2.2. This Agreement is concluded in a simplified form by joining the terms of the Agreement and the Terms of Use available electronically on the Maxim Service website at: https://legal.taximaxim.com/, unless otherwise agreed by the Parties, potentially by means of a separate agreement between them. Therefore, completing the registration procedure and subsequently using the application shall constitute an express and unequivocal acceptance of the terms of the Agreement and the Terms of Use, equivalent to entering into a Contract under the terms set forth herein.

2.3. Before proceeding with registration, please carefully read the text of this Agreement. In case of disagreement with any condition, you must refrain from using the Mobile Application.

2.4. This Agreement shall be governed by the legislation in force in the Republic of Colombia and shall remain effective while the Partner uses the Mobile Application. It may be periodically updated by Maxim to incorporate new features, service regulations, and in compliance with legislative changes.

2.5. The Client and Partner must review and consequently accept the terms of this Agreement and the Privacy Policy for the Use of the Mobile Application, published at: https://driver.taxsee.com/privacy/.

2.6. By accepting the terms of this Agreement, the Partner understands that the information obtained under this Agreement shall be used independently, for the Partner’s benefit and under the Partner’s responsibility. If the Mobile Application is used for business activities, the Partner must register as a commercial entity in accordance with Colombian law and ensure compliance with the applicable regulatory requirements for the provision of such Services, including but not limited to: Decree 170 of 2001 and related laws, Decree 1072 of 2015 establishing occupational health, safety and labor protection standards, and other applicable Colombian regulations.

2.7. The Service’s activities related to the collection, storage, and systematization of information in the Mobile Application, as well as the legal relationship between the Partner and the Service concerning access to such information, shall be carried out in accordance with the provisions of Statutory Law 1581 of 2012 “Whereby general provisions for the protection of personal data are issued.”

3. Purpose of the Agreement

3.1. In accordance with the terms of this Agreement, the Service grants the Partner the right to use the Mobile Application under a simple (non-exclusive) license, following the procedure established herein, and the Partner undertakes to pay the Service a fee in the form and amount set out in this Agreement.

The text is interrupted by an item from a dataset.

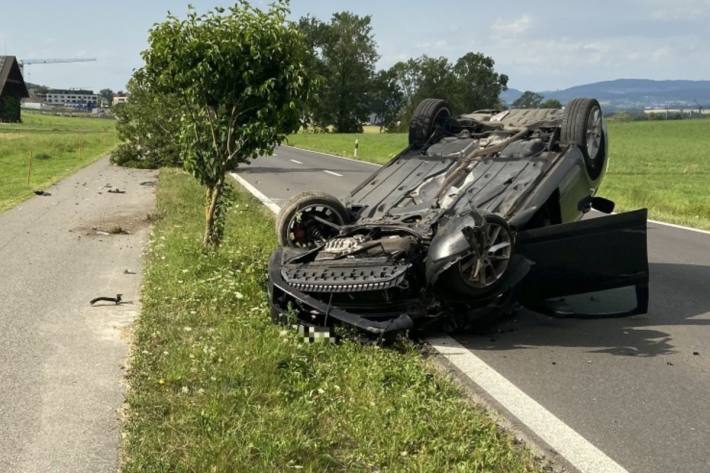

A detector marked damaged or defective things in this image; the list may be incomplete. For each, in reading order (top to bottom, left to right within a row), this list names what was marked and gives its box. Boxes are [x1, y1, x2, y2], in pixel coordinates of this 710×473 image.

overturned car [268, 97, 652, 338]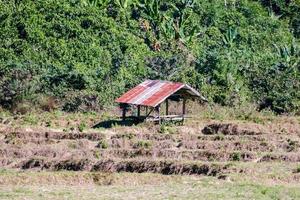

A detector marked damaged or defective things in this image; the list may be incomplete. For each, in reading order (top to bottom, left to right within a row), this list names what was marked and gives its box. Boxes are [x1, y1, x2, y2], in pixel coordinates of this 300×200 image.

rusty red roof [116, 80, 203, 108]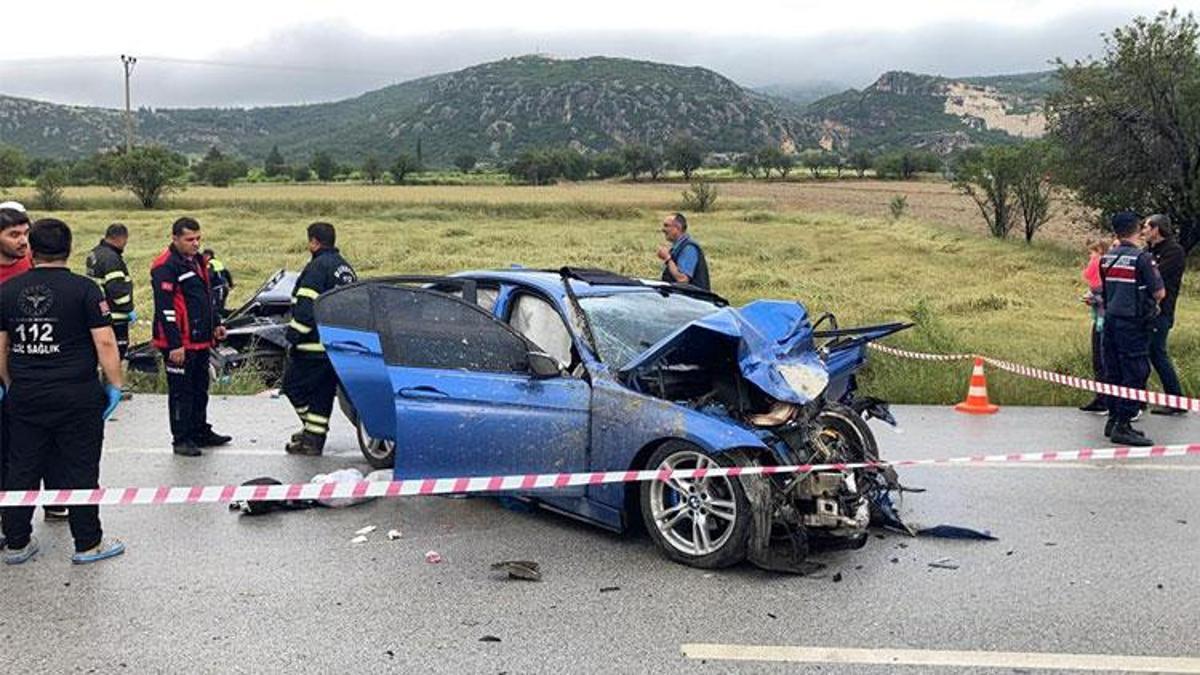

3.2. The territory where the right to use the Mobile Application is granted is the territory of the Republic of Colombia.

4. Service Guarantees

4.1. The Service hereby guarantees that:
4.1.1. it possesses sufficient rights to fulfill its obligations under this Agreement;
4.1.2. the execution of this Agreement by the Parties shall not infringe on third-party intellectual property rights;

4.1.3. it is not bound by any contract that would prevent the Partner from using the Mobile Application under the terms of this Agreement;
4.1.4. it has not performed and will not perform any action that would prevent the Partner from using the Mobile Application under the terms of this Agreement.

5. Terms of Use of the Mobile Application

5.1. The Partner may use the Mobile Application exclusively for the purpose of supporting the execution of Orders, the provision of Services, and access to the mapping interface. Any action by the Partner related to the use of the Mobile Application must comply with the aforementioned purposes.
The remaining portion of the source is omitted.